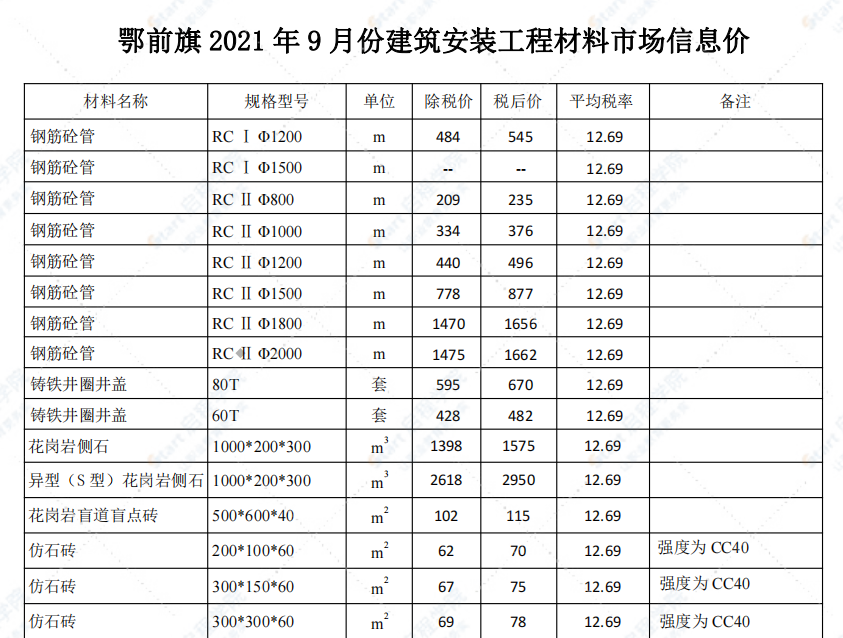 鄂尔多斯市2021年9月信息价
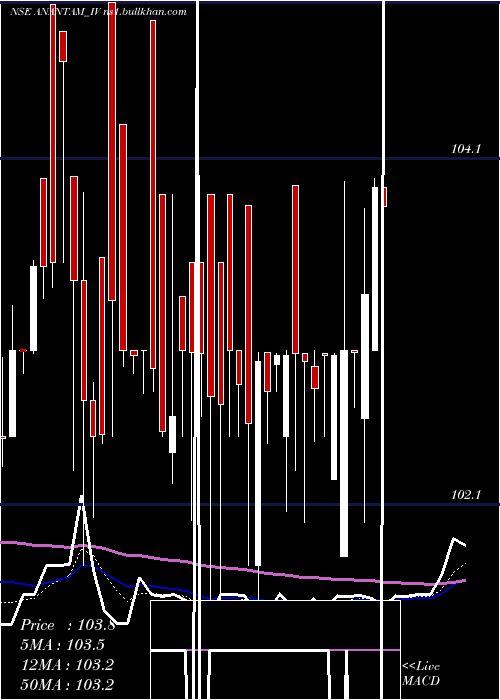  Daily chart AnantamHighways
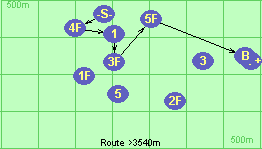 S-4F-1-3F-5F-B-F
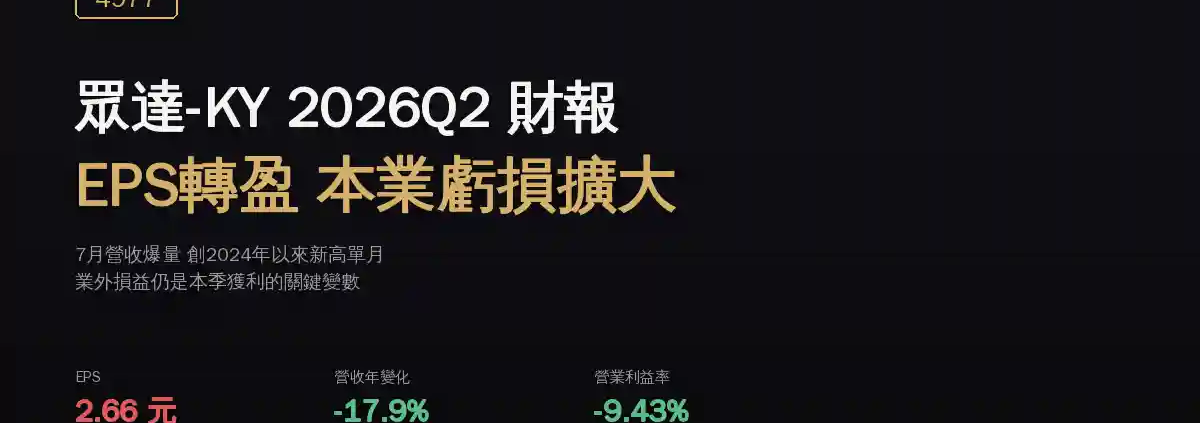 眾達-KY（4977）2026Q2 財報分析：EPS 由虧轉盈但本業虧損擴大，7月營收爆量能否延續？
========
Quote, please, only the lines running from the one with "S-4F-1-3F-5F-B-F" down to the final line of the data above, keeping both ends and skipping the pictures.

 S-4F-1-3F-5F-B-F
 眾達-KY（4977）2026Q2 財報分析：EPS 由虧轉盈但本業虧損擴大，7月營收爆量能否延續？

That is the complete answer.